Sappiamo che nel 1768 il B. fu chiamato a Roma da monsignor Braschi "per dar dei lumi nella materia daziaria" e per unificare tutte le gabelle dello Stato pontificio (Carteggio di Pietro e Alessandro Verri,II, p. 120).In questa occasione Pietro Verri scriveva ad Alessandro (ibid., p. 123)che il B. era fallito, a Milano, perché le sue chimere lo avevano impegnato in troppo disparati negozi, e diceva anche che non era "testa da regolare né le proprie né le pubbliche finanze". Venuto a Roma ai primi del 1768, fra il maggio e il novembre di quell'anno viaggiò per le province dello Stato per documentarsi, presentando una relazione al tesoriere generale che era il Braschi, il futuro pontefice Pio VI.
Il Dal Pane, su indicazione del Fantuzzi, ritiene che l'autore del progetto di riforma delle finanze romane sia il B., mentre il Ricca Salerno (Storia delle dottrine finanziarie in Italia, Palermo 1896, p. 373)lo attribuiva al Vergano. Il progetto si basava sull'abolizione di tutti i pesi camerali e la loro riduzione a tre capi d'imposizione: macinato, sale ed estimo. Il Piscitelli, pur accettando che il B. abbia partecipato largamente alla raccolta di documenti, pensa che la paternità del progetto vada piuttosto al Braschi stesso. Il progetto, confermato da una nuova indagine di A. Del Bene, console pontificio a Venezia, fu riesumato da Pio VI nel 1775 e approvato il 7 genn. 1777, costituendo il punto di partenza per le riforme del pontefice.

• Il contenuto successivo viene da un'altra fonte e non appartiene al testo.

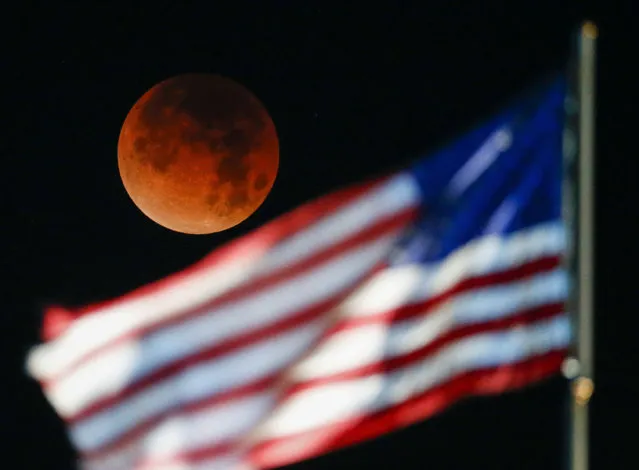 A rare occurrence called a “Super Blue Blood Moon” is seen behind the U.S. flag at Santa Monica Beach in Santa Monica, Calif., Wednesday, January 31, 2018. (Photo by Ringo H.W. Chiu/AP Photo)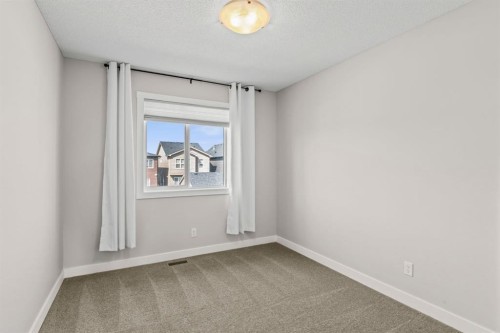 115 Wolf Willow Boulevard Se, Calgary, AB - Indoor Photo Showing Other Room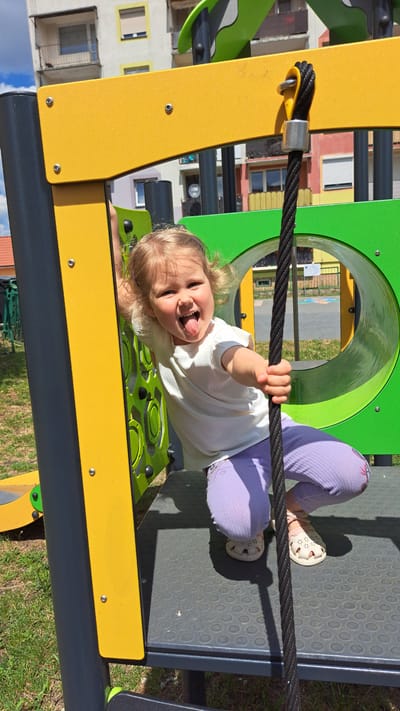 In Krosno Odrzańskie, Poland, a young Caucasian girl is posing on a playground. She is squatting, holding onto a thick black rope, and sticking out her tongue. She is wearing a white t-shirt and light purple leggings. The playground equipment is brightly colored with yellow, green, and grey sections. Behind the girl, a circular green tunnel is visible. The scene is set outdoors with green grass and a building in the background under a bright sky.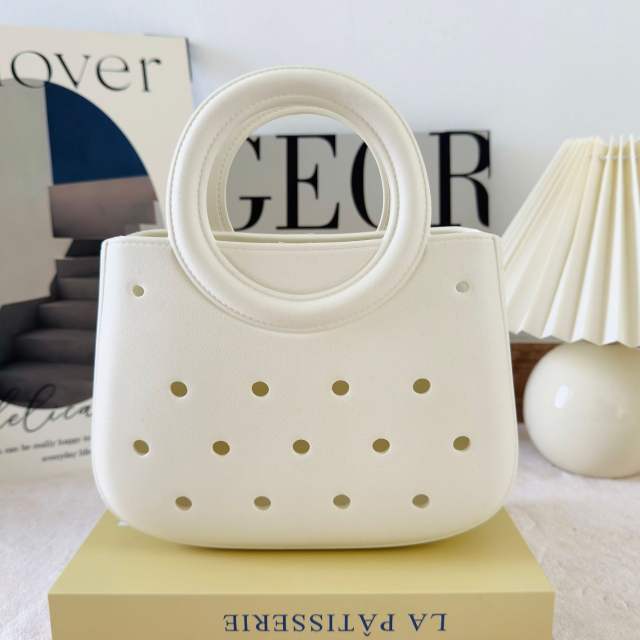New ladies handbag cartoon love fashion round travel storage bag eva hole bag beach bag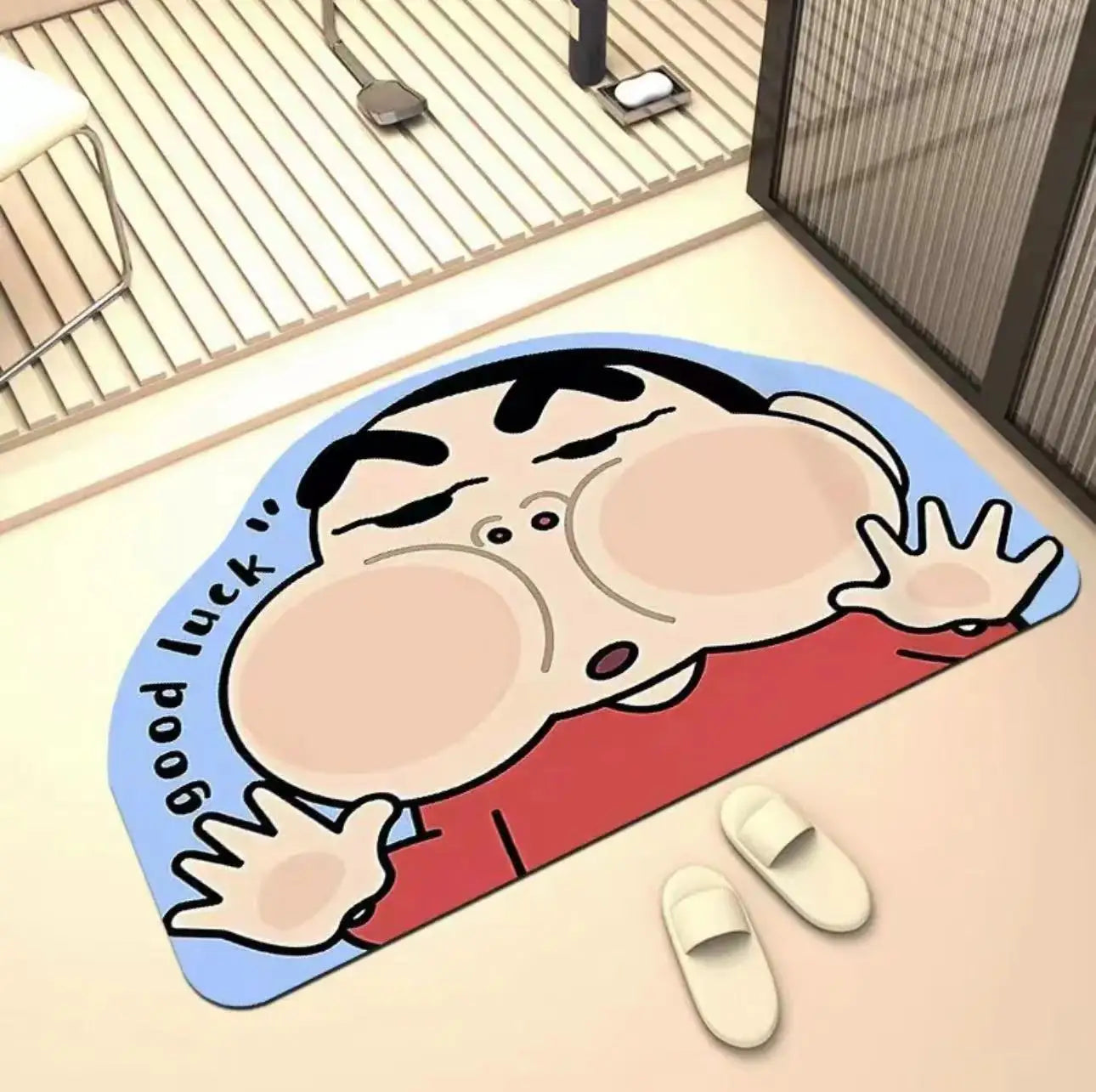 Quick-drying cartoon bath mat with a character stretching, red body and blue border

L'ultima traccia del B. è nell'epistolario di P. Verri, che scrivendo ad Alessandro il 1° marzo 1775 (Carteggio, VII, p. 124)dice: "So che anni sono fecero venire costì il Bettinelli, credendolo un negromante di questa niente arcana stienza e il povero Bettinelli, era una vera testa vuota… Se il Santo Padre mi volesse indennizare e dei soldi e del rango e dei comodi che godo, mi crederei più capace del Bettinelli e verrei vicino a te. Ma io mi trovo contento della mia situazione e chi volesse portar riforma di finanza in Roma rischierebbe la malattia dei Ganzancki".
Fonti e Bibl.: Arch. di Stato di Milano, Dono Greppi, busta 34, lettera di G. Melierio, 9 apr.1765;Arch. di Stato di Roma, camerale II, Camerlengo e Tesorierato, busta 16: Progettosulle dogane ai confini steso dal Bettinelli; N. Fantuzzi. Mem. di vario argomento,Roma 1804, passim; Carteggio di P. e A. Verri, a c. di E. Greppi,II, Milano 1910, pp. 120-123; VII. ibid. 1931, p. 124; C. A. Vianello, La giovinezza di Parini, Verri, Beccaria, con scritti, doc. e ritratti inediti,Milano 1933, pp. 322 ss.; E. Piscitelli, La riforma di Pio VI e gli scrittori economici romani,Milano 1958, pp. 46 a.; L. Dal Pane, Lo Stato pontificio e il movimento riformatore del '700,Milano1959, pp. 255 55.